— Спасибо. Почитаю. Ходят слухи, что Феликсу умереть помогли. И Фрунзе тоже…
— Да, ходят такие слухи. Сталин не ладил ни с тем, ни с другим. Но слухи распускает оппозиция. Прободная язва желудка — штука серьезная. Я бы не стала категорически утверждать, что в их смерти виноват Сталин. Консилиум врачей слишком долго возился с выяснением диагноза и, похоже, упустил время.

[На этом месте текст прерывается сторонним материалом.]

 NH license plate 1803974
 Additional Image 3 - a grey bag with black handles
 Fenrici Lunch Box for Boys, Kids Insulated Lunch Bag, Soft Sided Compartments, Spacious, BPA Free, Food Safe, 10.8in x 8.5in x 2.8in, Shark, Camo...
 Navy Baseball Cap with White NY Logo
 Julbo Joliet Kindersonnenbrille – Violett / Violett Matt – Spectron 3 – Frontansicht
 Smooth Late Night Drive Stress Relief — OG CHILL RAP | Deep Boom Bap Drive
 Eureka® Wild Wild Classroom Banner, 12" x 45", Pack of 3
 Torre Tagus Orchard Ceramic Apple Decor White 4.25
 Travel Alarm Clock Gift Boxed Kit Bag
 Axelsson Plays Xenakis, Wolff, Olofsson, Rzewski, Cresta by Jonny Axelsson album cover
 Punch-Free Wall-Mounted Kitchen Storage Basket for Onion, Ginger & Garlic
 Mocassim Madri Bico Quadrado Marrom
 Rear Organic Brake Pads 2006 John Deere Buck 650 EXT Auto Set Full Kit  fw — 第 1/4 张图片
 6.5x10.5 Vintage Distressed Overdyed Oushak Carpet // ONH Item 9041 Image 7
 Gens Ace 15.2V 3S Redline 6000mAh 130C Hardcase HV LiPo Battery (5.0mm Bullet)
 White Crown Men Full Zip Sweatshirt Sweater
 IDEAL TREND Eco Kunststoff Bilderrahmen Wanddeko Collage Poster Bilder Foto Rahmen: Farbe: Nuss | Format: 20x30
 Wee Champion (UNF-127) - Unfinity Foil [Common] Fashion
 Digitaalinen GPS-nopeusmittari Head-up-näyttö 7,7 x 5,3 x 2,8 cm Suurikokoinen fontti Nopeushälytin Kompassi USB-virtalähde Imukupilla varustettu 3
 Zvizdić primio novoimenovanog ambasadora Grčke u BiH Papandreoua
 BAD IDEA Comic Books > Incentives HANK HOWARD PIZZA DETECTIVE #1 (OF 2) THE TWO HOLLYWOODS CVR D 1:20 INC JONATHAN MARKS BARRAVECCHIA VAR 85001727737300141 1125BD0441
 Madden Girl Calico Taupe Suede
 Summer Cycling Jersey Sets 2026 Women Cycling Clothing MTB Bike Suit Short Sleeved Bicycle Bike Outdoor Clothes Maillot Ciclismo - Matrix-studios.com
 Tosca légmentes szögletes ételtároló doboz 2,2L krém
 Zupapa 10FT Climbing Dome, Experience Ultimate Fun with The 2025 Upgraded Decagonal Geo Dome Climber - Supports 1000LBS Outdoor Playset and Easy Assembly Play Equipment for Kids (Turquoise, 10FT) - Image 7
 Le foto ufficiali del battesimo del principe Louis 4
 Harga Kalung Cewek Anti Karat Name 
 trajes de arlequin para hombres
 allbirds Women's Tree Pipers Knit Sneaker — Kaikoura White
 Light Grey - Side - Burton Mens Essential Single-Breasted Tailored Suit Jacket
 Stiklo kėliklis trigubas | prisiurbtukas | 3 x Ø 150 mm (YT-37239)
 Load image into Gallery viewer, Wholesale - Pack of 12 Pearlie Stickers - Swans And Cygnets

Если бы имело место отравление или нечто подобное, молчать об этом не стали бы: среди врачей были и весьма порядочные люди.
— Возможно, возможно… Я был совершенно ошеломлен кончиной Феликса Эдмундовича, — заговорил Алексей Максимович, останавливаясь напротив Екатерины Павловны. — Я познакомился с ним еще в девятьсот девятом. Он произвел на меня незабываемое впечатление душевной чистотой и твердостью характера. Хотя после большевистского переворота мы с ним далеко не всегда ладили, однако он заставлял меня любить его и уважать. Благодаря его душевной чуткости и справедливости было сделано много хорошего… А на себя я до сих пор злюсь, что допустил большую глупость, отправив письмо с соболезнованиями Якову Ганецкому. Но более всего — с упоминанием твоего особого отношения к Феликсу… Никак не ожидал, что он отдаст мое письмо в «Правду» и «Известия».
— Да, шуму было много, — кивнула ухоженной головой Екатерина Павловна. — Особенно среди эмигрантов. Уж они потешили свою душеньку… До тебя, скорее всего, не все доходило, а мне, как председателю «Политического Красного Креста», пришлось отбиваться и от своих и от чужих. И те и другие недоумевали: как, мол, это так — враги народа, а им и теплую одежду, и продуктовые посылки, и заступничество адвокатов? А среди этих «врагов» большая часть — совершенно безвинные люди, оговоренные злобой и завистью ничтожных людишек. Конечно, Феликс это понимал, но на него слишком давили…
— И ты по-прежнему руководишь этим ПКК?
— Пока — да. Но денег на поддержку политзаключенных отпускают все меньше и меньше. Судя по всему, на «Красном Кресте» вот-вот поставят крест черный, — произнесла Екатерина Павловна с грустной улыбкой и перевела разговор на другое: — Мне кажется, Алеша, что тебе все-таки надо возвращаться домой…
— Ты это от себя или…?
— От себя, Алеша, от себя. В стране происходит жестокая борьба за выбор пути. Твое слово было бы весьма кстати. Люди тебе верят…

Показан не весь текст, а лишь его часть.